Ask G&G

Getting Them Home

A Southern take on the answers to some of life’s thornier questions

Illustration: Illustrations by Britt Spencer


Q. We have an annual grown-ups’ fall bash, with about 150 guests: front- and backyard tents, two bartenders, parking valets, and about three tons of smoked pig. We know at least a few attendees will have one too many and then try to drive home. What to do?

You’re hammering right at the unforgiving rock face of the hostly question, namely, how far does a host’s responsibility extend? One doesn’t want guests emanating from one’s fall barbecue and racking up a raft of DUIs, or much, much worse.
It’s difficult for a host to flat-out declare a guest too drunk to drive, although as a last resort, you may have to. The key is to present an attractive, luxe alternative at the outset—to set up a seamless (meaning, not provocational or insulting) home-going system into which all guests can effortlessly slide. Here’s the math: First, hire triple the number of valet parkers you would normally need for the evening. If you anticipate needing a team of four for 150 guests, hire twelve. Some will be idle at first, but when the witching hour arrives, you’ll need every last man. For this system you’ll also need four “runner” cars. Hire ’em from the valets.

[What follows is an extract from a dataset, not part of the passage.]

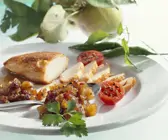 Hähnchenbrust mit fruchtigem Chutney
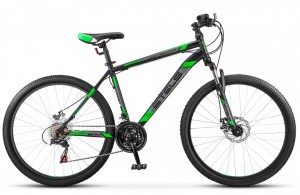 Велосипед Stels Navigator 500 MD 26 20 (2017) Black green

In your invitation, channel your inner saint and include a semi-gracious sentence like “Valets will be available to ferry cars home.” Whatever phrasing you choose, present it as a party comfort. This puts the emphasis on the machines. Your more bibulous guests will realize that they are being spared the ignominy of the morning-after car-retrieve, if not a glassy-eyed mug shot in the local police blotter.

Let’s assume that the first third of your valet troops will be devoted to the ordinary return of cars. Your eight backup, SWAT-team valets will work in pairs, as follows: As the classically impaired Judge Merriwether toddles to fetch his car, one valet says: “Judge Merriwether! Please allow me to drive you and Mrs. Merriwether home. My colleague Dan here will follow us and drive me back.”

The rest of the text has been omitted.